Crédit photo Denis Monneuse

Le temps, c’est de l’argent… et du stress !

« Le temps, c’est de l’argent ! »

Il paraît que c’est Benjamin Franklin, l’écrivain et l’homme politique, l’un des pères fondateurs des États-Unis, qui aurait prononcé cette phrase le premier. Rien n’est moins sûr. En tout cas, cette mentalité qui consiste à associer le temps et l’argent s’est largement développée, à la fois dans la sphère professionnelle, mais aussi dans la vie personnelle. On tente ainsi de chasser le moindre « temps mort ».

Cette vision économique du temps

s’est largement diffusée sans qu’on réfléchisse aux conséquences qu’elle peut avoir sur nos comportements.
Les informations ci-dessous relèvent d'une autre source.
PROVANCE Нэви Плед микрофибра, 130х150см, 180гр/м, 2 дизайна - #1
Deux chercheurs, Jeffrey Pfeffer, de l’université de Stanford, et Dana Carney, de l’université de Berkeley, se sont demandé les effets que cette perception du temps comme de l’argent pouvait avoir. Ils ont alors réalisé l’expérience suivante : 104 participants étaient rémunérés 57,50 dollars pour deux heures de travail. Les chercheurs demandèrent à la moitié d’entre eux de calculer leur salaire par minute afin de les pousser à adopter une vision économique de leur temps. L’autre moitié ne recevait pas cette consigne ; ils n’avaient aucune consigne particulière. Après les deux heures de travail, tous les participants devaient évaluer leur niveau de stress. En outre, leur niveau de cortisol (l’hormone du stress) était mesuré avant et après ces deux heures de travail.
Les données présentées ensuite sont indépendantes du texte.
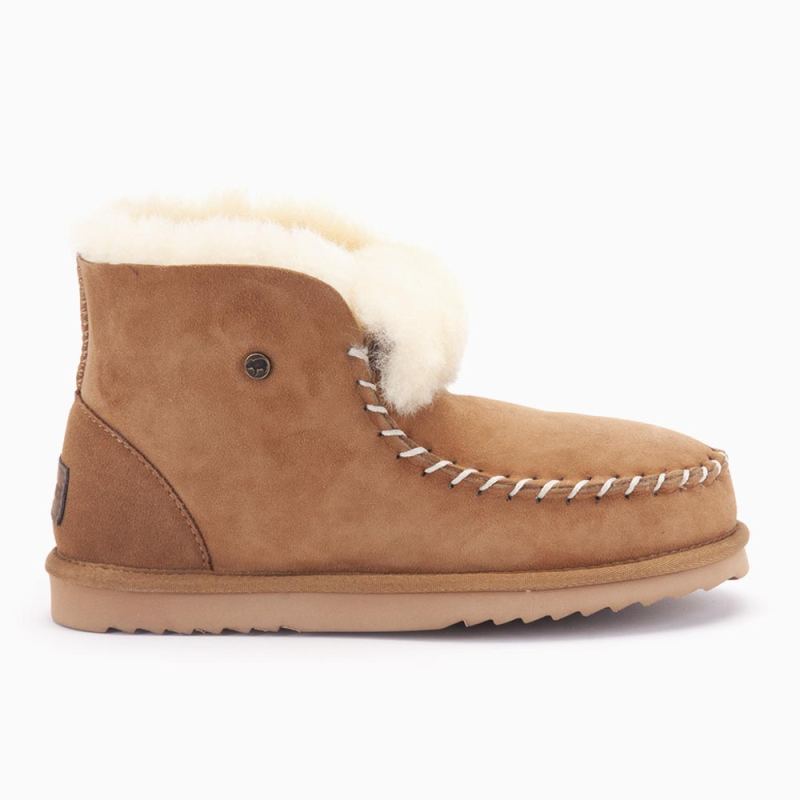 Warmbat Wilora dames double faced cognac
Quels furent les résultats de cette expérience ?

Jeffrey Pfeffer et Dana Carney ont publié leur étude dans la revue Academy of Management Discoveries1. Il s’avère que les participants qui ont dû calculer leur salaire par minute déclarent avoir eu un niveau de stress plus élevé que les autres. Ils disent vrai, car leur taux de cortisol fut effectivement plus élevé de 24 % par rapport aux participants à qui l’on n’a pas suggéré d’adopter une vision économique de leur temps. Or un taux élevé de cortisol en raison d’un niveau de stress élevé et durable a de nombreuses conséquences potentiellement négatives sur la santé : maux de tête, anxiété, dépression, maladies cardiaques, prise de poids, etc.
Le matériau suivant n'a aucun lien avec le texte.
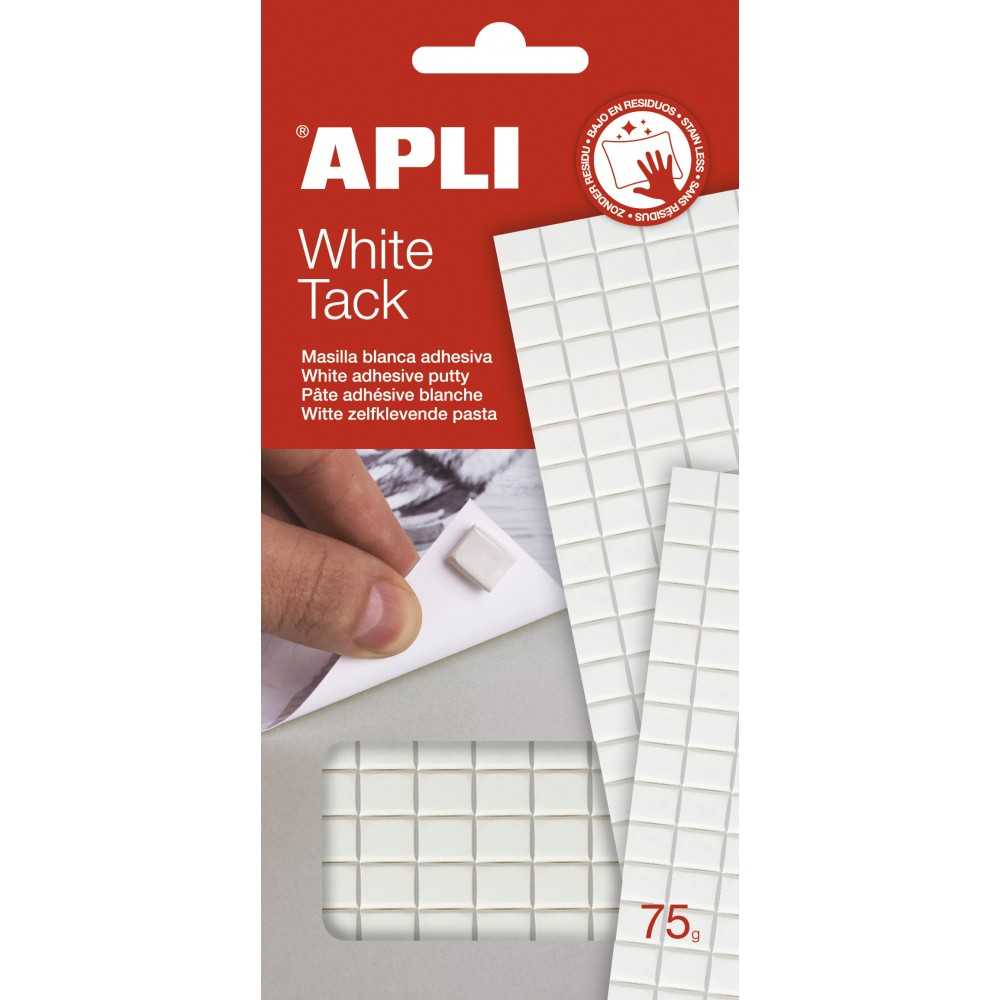 Masilla Adhesiva Moldeable Blanca Precortada Apli 11803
À quoi est dû ce surcroît de stress

quand on pense que « le temps, c’est de l’argent » ? A priori, cette vision économique nous rend plus impatients. On se sent plus sous pression pour utiliser au mieux notre temps. Cette vision réduit le sens de notre travail ainsi que notre attachement à notre emploi. Elle réduit également le plaisir associé aux temps de loisirs. Il n’est donc pas vraiment dans l’intérêt des employeurs de susciter cette vision économique du temps. Pourtant, un certain nombre de pratiques y contribue plus ou moins directement : le fait de rémunérer des tâches à un salaire horaire, de demander aux salariés de remplir des feuilles de temps, etc. Il faut dire que le Code du travail repose lui-même en grande partie sur la mesure du temps des salariés.

Bref, les employeurs auraient tout intérêt

à cesser de diffuser cette conception économique du temps et à plus mettre l’accent sur le sens et sur la qualité du travail.

(1) Pfeffer, J., & Carney, D. R. (2018). The economic evaluation of time can cause stress. Academy of Management Discoveries, 4 (1), 74-93.